Okay, so you have the situation. You have a vocation or role for the character to play. Now the next step is to figure out who this person is.
Many things help you make these decisions. What kind of person would be thrust into this situation? And why? This can send your plotting into a 100 different directions so brainstorm on this. One of the best ways to brainstorm, according to experts, is the spoke and wheel method. Draw one word in the center of the page (protagonist, murderer, and antagonist) then draw out lines that lead to all kinds of possibilities. Maybe the murderer is an innocent framed for the crime. Maybe it’s a desperate woman backed into a corner. Maybe it’s an accident. Maybe it’s a serial killer. Feel fee to let yourself go, even if you end up with 100 ideas on the page, and come up with as many ideas as you can. Even if you don’t use all these ideas, hold on to the paper. When you get stuck later in the plot, pull this out and see where it leads you.
Third, you need to name your character. For me, I like names that have meaning. I have a baby name book I use to look up meanings, derivatives and nicknames.

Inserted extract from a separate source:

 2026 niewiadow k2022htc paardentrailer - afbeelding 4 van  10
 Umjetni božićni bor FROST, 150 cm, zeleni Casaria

Fourth, create a character “bible.” This can come from a character interview, from your own thoughts, however you want to develop it. The character bible is comprised of the simple stuff - eye color, hair color, etc. But also tackle the bigger issues -- what happened to this character as a child? What is he or she afraid of? What’s his worst habit? Greatest trait? Biggest weakness? How does he feel about his parents/ pets? Last girlfriend? All of these things become fodder for great, well-developed characters.
These are the kids of details that give characters life. One of my first rejection letters praised my writing up and down but aid that my characters didn’t breathe and live on the page. I had no idea what this meant at the time, but learned later ho to pump life into people on a page. Characters shouldn’t be static -- they should have past habits, annoying traits, likes and dislikes, etc. Those are the little details that make them as real as the neighbor you don’t like.
One of the things that will affect who your characters are and what they do is your setting. Think about that . Would a book set in a haunted castle be different than one set in a busy subway? Of course they would. Character reactions, actions and events would all differ based on the setting.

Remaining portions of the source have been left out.